Мане нашел себе друзей в лице многих художников старшего и молодого поколения. Первые его работы одобрил Делакруа. Затем с ним сблизились последователи Курбе: Альфонс Легро Фантен-Латур, Бракмон, живописец Уистер. В 1861 году Мане познакомился с Эдгаром Дега, в конце 1865 - с Клодом Моне, в 1866 - 1868 годах с Ренуаром, Сислеем, Сезанном, Базилем. Их встречи происходили более или менее регулярно с 1866 в кафе Гербуа, в квартале Батиньоль. Предсказание Кутюра сбывалось: Мане становится главой нового художественного направления, получившего название “Батиньольская группа” и активно противоставлявшего себя салонному искусству. Можно было уже говорить о группе, объединенной общностью интересов, устремлений и симпатий. Мане был признан главой этой группы. Но самого активного защитника своей живописи Мане нашел в лице молодого Эмиля Золя. Золя, несомненно, сделал для Мане больше, чем кто-либо из его современников. Он выступил в защиту его искусства в самый трудный период жизни художника: первая статья Золя о Мане появилась 7 мая 1866 года, почти сразу после открытия Салона, жюри, которого отвергло “Флейтиста”. Золя первый объявил, что Мане является классиком современного искусства, и что место ему уготовано в Лувре.
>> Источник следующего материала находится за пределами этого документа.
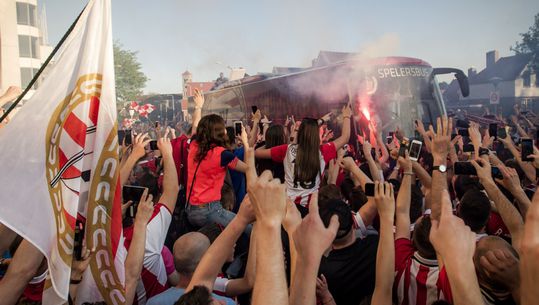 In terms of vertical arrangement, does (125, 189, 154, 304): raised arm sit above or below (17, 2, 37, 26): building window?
below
Картины раннего Мане образуют настоящую галерею поэтических явлений человека на подмостках жизни: то печальных в своем одиночестве и заброшенности (“Любитель абсента”), то безоблачно радостных (“Мальчик с собакой”, “Мыльные пузыри”), то торжествующих и дерзких (“Лола из Валенсии”), то исполненных мягкой задумчивости и тихой просветленности (“Флейтист”). Это разные возрасты и разные одежды, разные характеры и разные состояния, разное отношение к жизни и к своему собственному бытию. Чередование этих картин, следующих друг за другом, порождает незабываемое чувство бесконечной способности человеческого существа менять свои облики. Человечество представляется Мане многогранным кристаллом, который при каждом повороте загорается новым светом. Отсюда становится понятна масштабность фигур этого человеческого парада, обычно изображаемой в рост и лишь немногим меньше натуры.
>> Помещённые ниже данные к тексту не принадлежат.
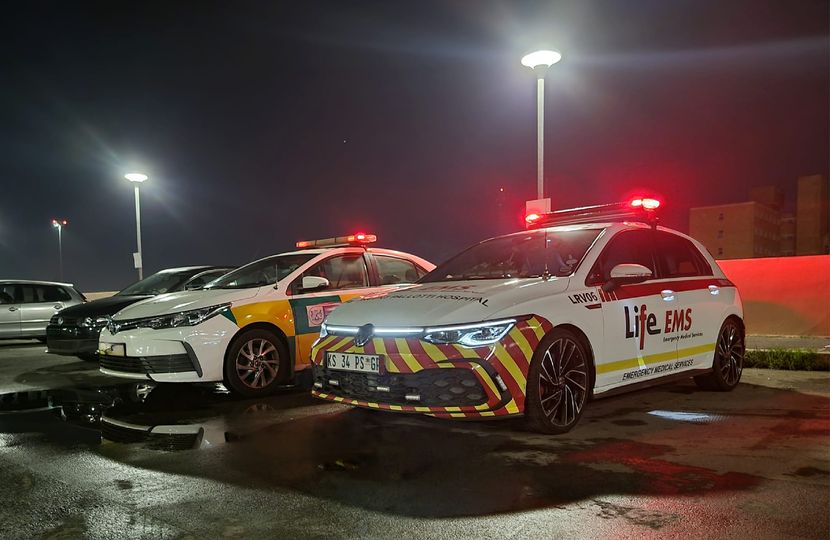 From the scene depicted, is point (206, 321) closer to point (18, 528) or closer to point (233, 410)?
point (233, 410)

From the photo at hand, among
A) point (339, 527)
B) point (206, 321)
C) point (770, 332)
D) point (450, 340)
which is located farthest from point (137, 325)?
point (770, 332)

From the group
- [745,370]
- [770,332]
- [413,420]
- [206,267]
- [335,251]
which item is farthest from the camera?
[770,332]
Уже ранние работы Мане утверждают новые принципы выражения мира. Он смотрел на мир с такой непосредственностью и свободой, какую вряд ли знал кто-либо из художников старшего поколения. При этом его картины демонстрируют не только свежесть цвета и утонченность, но и отход от традиционных светотеневых моделировок, от иллюзорности в передаче объема. Если в “Завтраке на траве“ Мане еще не совсем последователен в этой тенденции, то в “Олимпии” и другом его раннем шедевре “Флейтисте” (1866, Лувр) окончательно торжествует плоскость понимания форм, а живописное единство достигается в них не подчинением всех элементов картины условному общему тону, а гармонизацией обобщенных цветовых пятен.
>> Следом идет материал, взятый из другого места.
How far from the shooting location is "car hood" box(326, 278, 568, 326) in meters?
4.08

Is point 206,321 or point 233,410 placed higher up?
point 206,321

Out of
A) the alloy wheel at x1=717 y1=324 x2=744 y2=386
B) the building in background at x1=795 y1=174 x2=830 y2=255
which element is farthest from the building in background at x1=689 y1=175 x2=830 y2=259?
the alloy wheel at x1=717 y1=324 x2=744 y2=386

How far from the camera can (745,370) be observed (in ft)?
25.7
“Флейтист” пребывает наедине с самим собой - среда, его окружающая, неконкретна. В нем преломилась и преобразилась доверчивая трогательность детства, очарование женственности (ему вновь позировала Викторина Меран), вера в великую силу искусства, пусть даже такого незатейливого, как мелодия военной флейты. Несколькими годами раньше Бодлер писал: ”Чудесное окружает нас, питает как воздух, но мы не видим его”. Мане извлек это чудесное из потока реальной жизни. Его кисть увековечила музыканта быстро, но плотно, обобщенно. Чистые, глубокие краски тоже освободились от всего случайного, второстепенного. Образ “Флейтиста” волшебно двойствен: впечатление от него, казалось бы, мимолетно, почти неуловимо и вместе с тем крайне отчетливо. Нам как бы передается обостренность видения художника, обнаруживающего, наконец, то, что так давно его привлекало. “Флейтист” будто выплывает из нежного, полного тихой вибрации серебристо-желтоватого фона. Его фигурка кажется взвешенной в неопределенном пространстве картины.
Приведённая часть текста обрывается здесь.